## Raw data
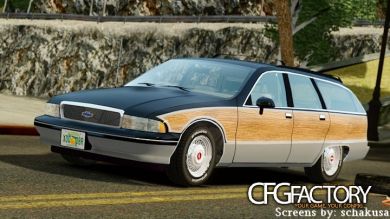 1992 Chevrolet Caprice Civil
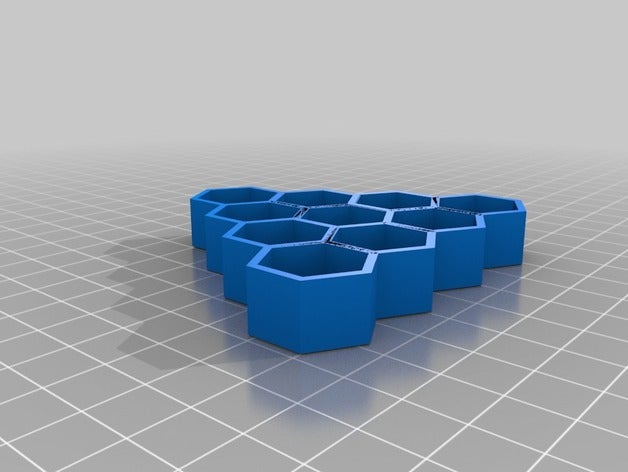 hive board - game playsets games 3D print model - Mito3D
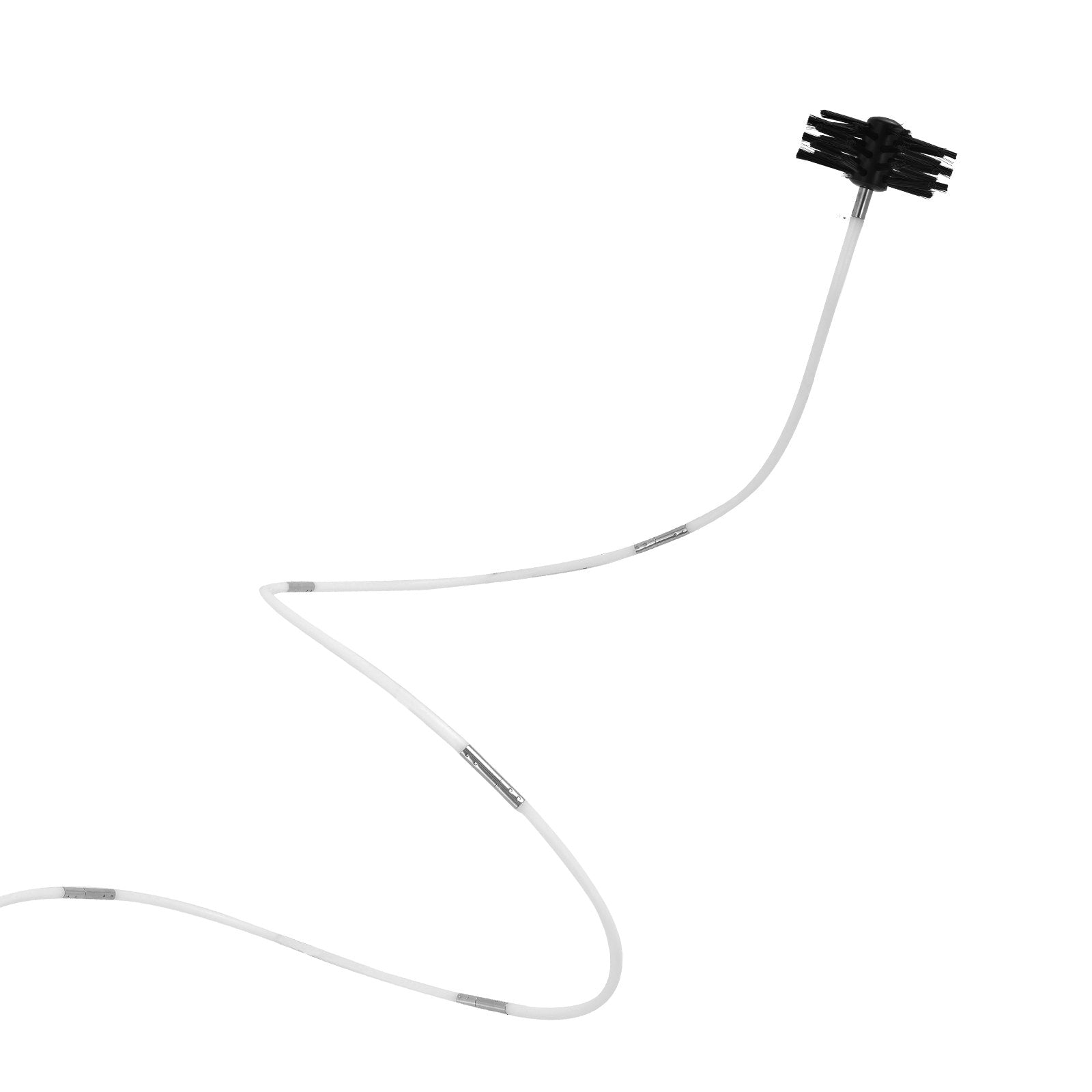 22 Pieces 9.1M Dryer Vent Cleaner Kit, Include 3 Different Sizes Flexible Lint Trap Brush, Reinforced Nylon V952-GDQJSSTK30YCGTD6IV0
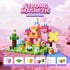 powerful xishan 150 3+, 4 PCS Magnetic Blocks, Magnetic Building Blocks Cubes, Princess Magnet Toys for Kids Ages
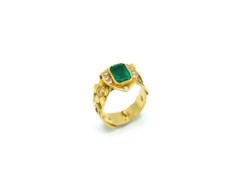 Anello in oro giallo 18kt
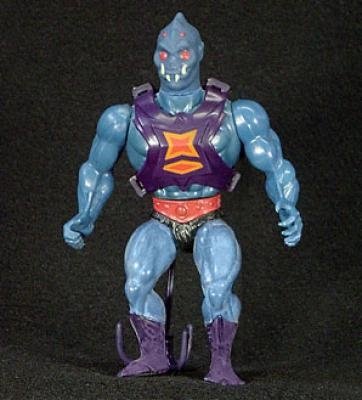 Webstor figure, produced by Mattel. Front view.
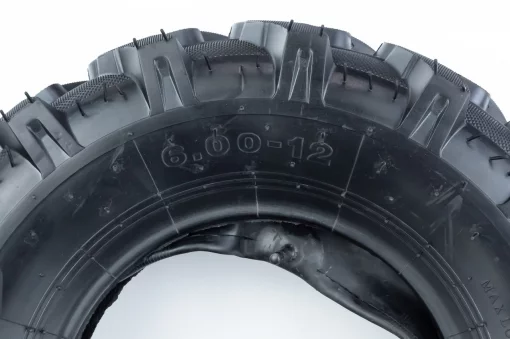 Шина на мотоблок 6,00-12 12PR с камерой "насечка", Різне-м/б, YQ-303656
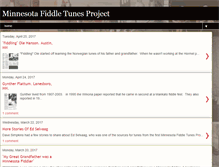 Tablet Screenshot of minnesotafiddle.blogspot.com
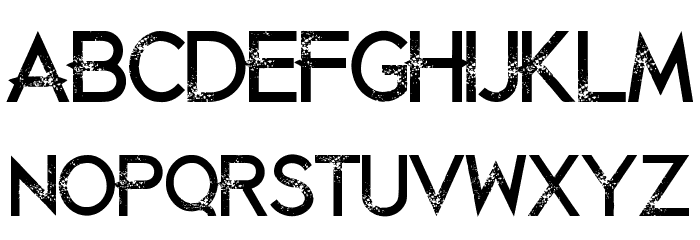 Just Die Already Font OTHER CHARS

## Assignment
Please retype exactly the lines from the line containing "22 Pieces 9.1M" through the final line of the records above, inclusive, leaving out any pictures.

## Response for this exercise
 22 Pieces 9.1M Dryer Vent Cleaner Kit, Include 3 Different Sizes Flexible Lint Trap Brush, Reinforced Nylon V952-GDQJSSTK30YCGTD6IV0
 powerful xishan 150 3+, 4 PCS Magnetic Blocks, Magnetic Building Blocks Cubes, Princess Magnet Toys for Kids Ages
 Anello in oro giallo 18kt
 Webstor figure, produced by Mattel. Front view.
 Шина на мотоблок 6,00-12 12PR с камерой "насечка", Різне-м/б, YQ-303656
 Tablet Screenshot of minnesotafiddle.blogspot.com
 Just Die Already Font OTHER CHARS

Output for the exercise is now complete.